Probe to unravel shady deals of the ongoing investigation by the House of Representatives over alleged illegal sale of 48 million barrels of crude oil valued at $2.4bn suffered setback on Tuesday as concerned officials in question, summoned to answer to the probe snubbed the green chamber.

The House Ad Hoc Committee to ‘Investigate Alleged Loss of Over $2.4 Billion in Revenue from Illegal Sale of 48 Million Barrels of Crude Oil Export in 2015 Including All Crude Oil Exports and Sales by Nigeria from 2014 Till Date’ commenced its three-day investigative hearing on Tuesday.

However, Ministers and other Heads of Ministries, Departments and Agencies (MDAs) of the Federal Government slated to be grilled largely snubbed the Committee, with only the National Intelligence Agency sending a representative.

Also to be grilled were representatives of oil companies and banks.

Those summoned by the Committee include the Minister of Finance, Budget and National Planning, Zainab Ahmed; Minister of Justice and Attorney-General of the Federation, Abubakar Malami (SAN); Secretary to the Government of the Federation, Boss Mustapha, among others.

Also enlisted for probe are the Nigerian National Petroleum Company Limited, the Nigerian Upstream Petroleum Regulatory Commission, the Nigeria Extractive Industries Transparency Initiative, oil and gas companies who operate fields and engage in exports, Office of the Accountant-General of the Federation and the Accountant-General himself, including the Budget Office of the Federation.

Chairman of the committee, Mark Gbillah, in his ruling at the end of the day’s sitting, noted that the Central Bank of Nigeria (CBN) and the Office of the Accountant-General of the Federation had indicted several officials and agencies in their memoranda to the panel.

He disclosed that the Committee is probing into the 48 million barrels of crude oil allegedly sold in China, crude oil exports in general from Nigeria for the period under review and the whistle-blower revelations and recoveries which the Federal Government has publicly declared they had made recoveries from.

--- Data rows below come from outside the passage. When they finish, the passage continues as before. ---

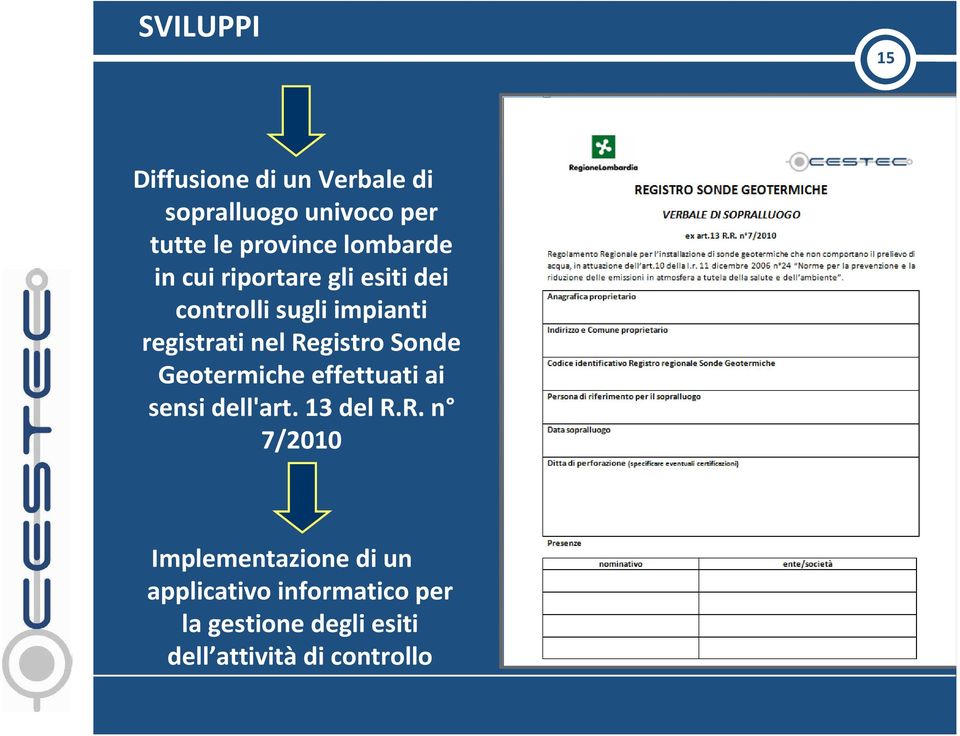 Registro Sonde Geotermiche effettuati ai sensi dell'art. 13 del R.R. n 7/2010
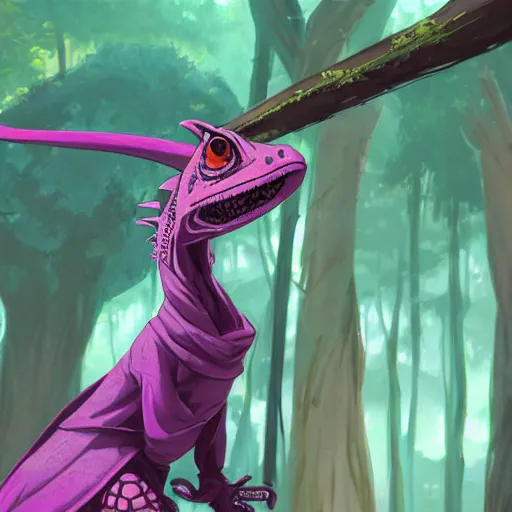 Image similar to concept art painting of an anthropomorphic lizard wearing magenta wizard robes, in the deep forest, realistic, detailed, cel shaded, in the style of makoto shinkai and greg rutkowski and james gurney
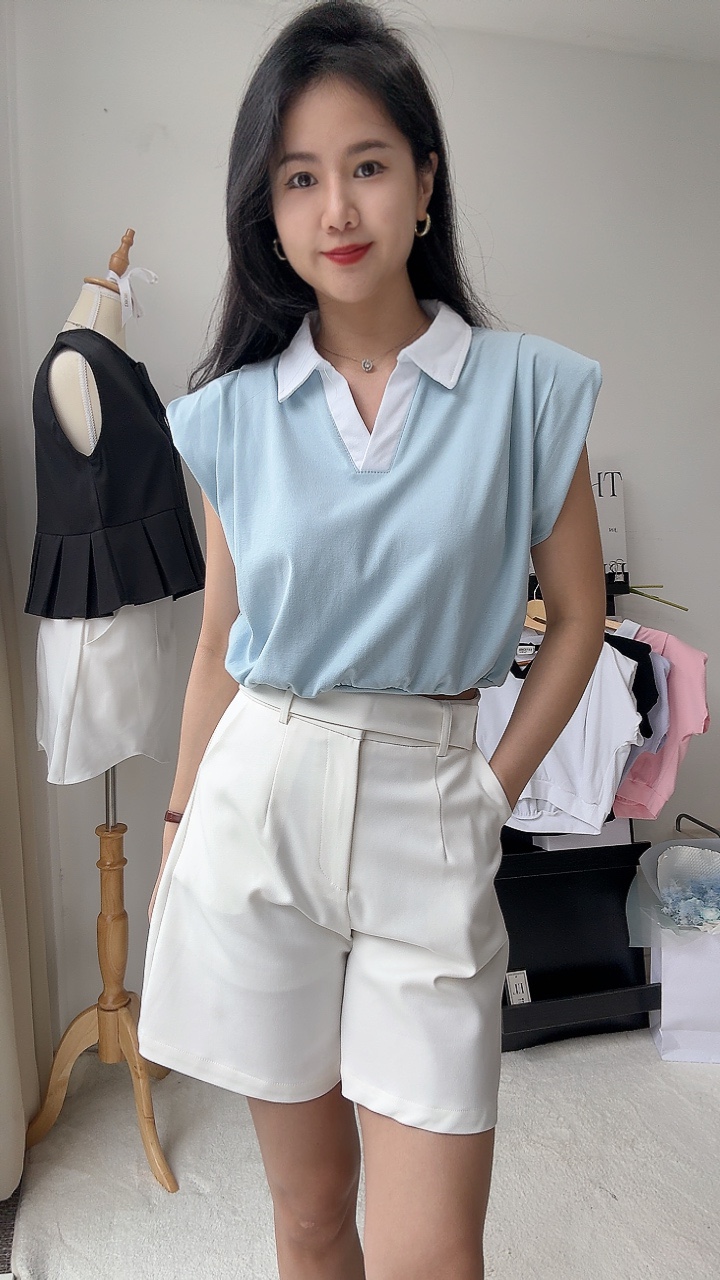 双色垫肩过袖有领上衣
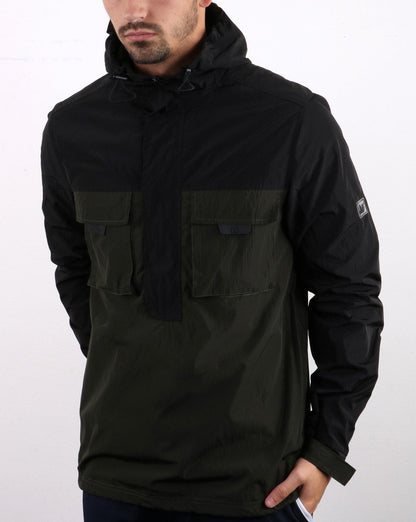 Peaceful Hooligan Jackson Überkopfjacke Schwarz/Dunkelgrün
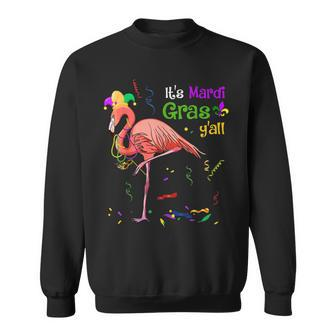 Funny Carnival Party Gifts Idea Flamingo Mardi Gras Sweatshirt - Seseable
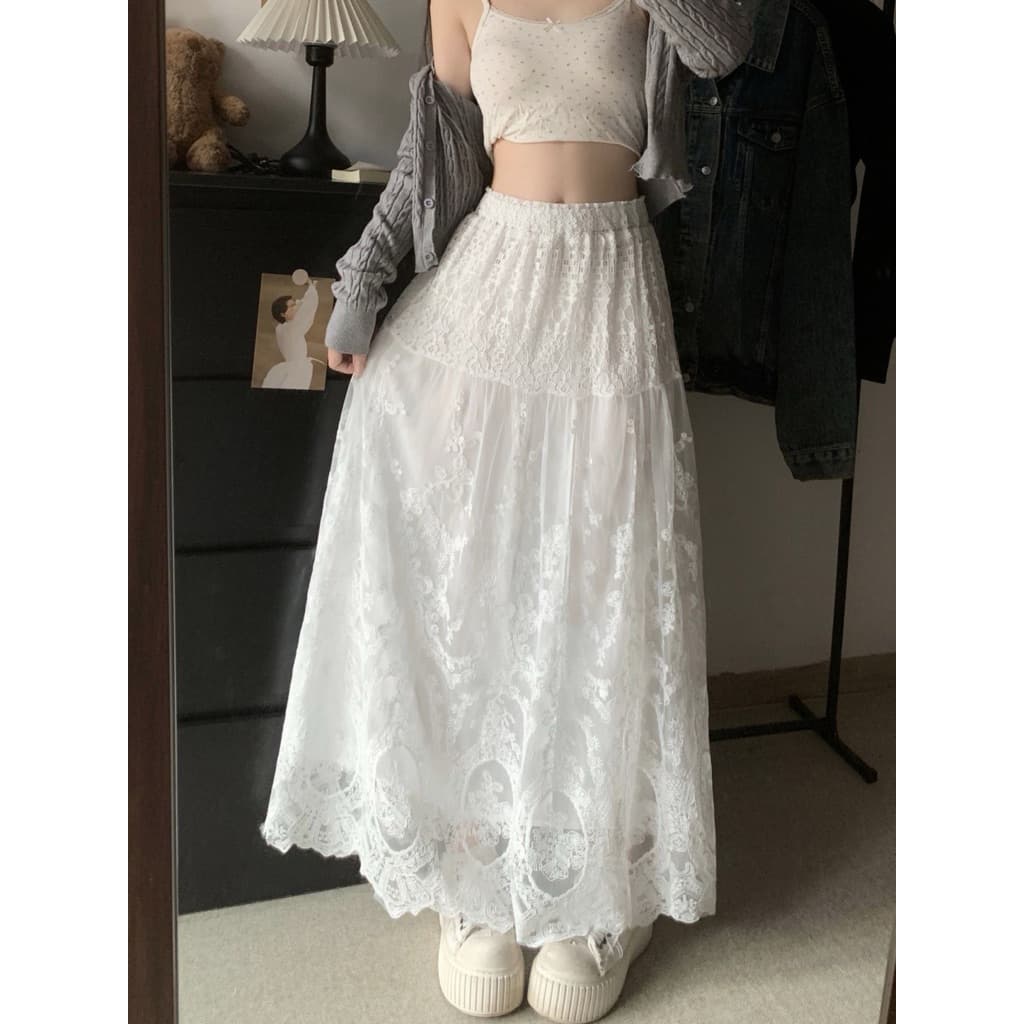 [BIGSIZE L-4XL] Chân Váy Midi Bigsize Nữ Dáng Dài Ren Thêu Form Xòe Cạp Chun Phong Cách Dịu Dàng Thanh Lịch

“It is unfortunate that the Honourable Minister of Finance is not here; the Attorney-General of the Federation is not here and this is a formal request from the committee that they appear before this committee, because they have received formal invitations to do so, and a lot of what we have to investigate with regards to the whistle-blower policy is saddled with the Ministry of Finance and the (Office of the) Attorney-General of the Federation.

“So, there have been responses that we have received from the Office of the Accountant-General which show that the Honourable Minister of Finance has been approving payments to whistle-blowers in percentages at variance with what the policy says they should be paid.

“There have been allegations of the (Office of the) Attorney-General (of the Federation) being involved also in the receipt of funds from outside the country without these funds being remitted to the Federation Account in line with the provisions of the Constitution.

“There have been allegations that the expenditure of these recoveries has also been done in complete violation of the provisions of the Constitution.”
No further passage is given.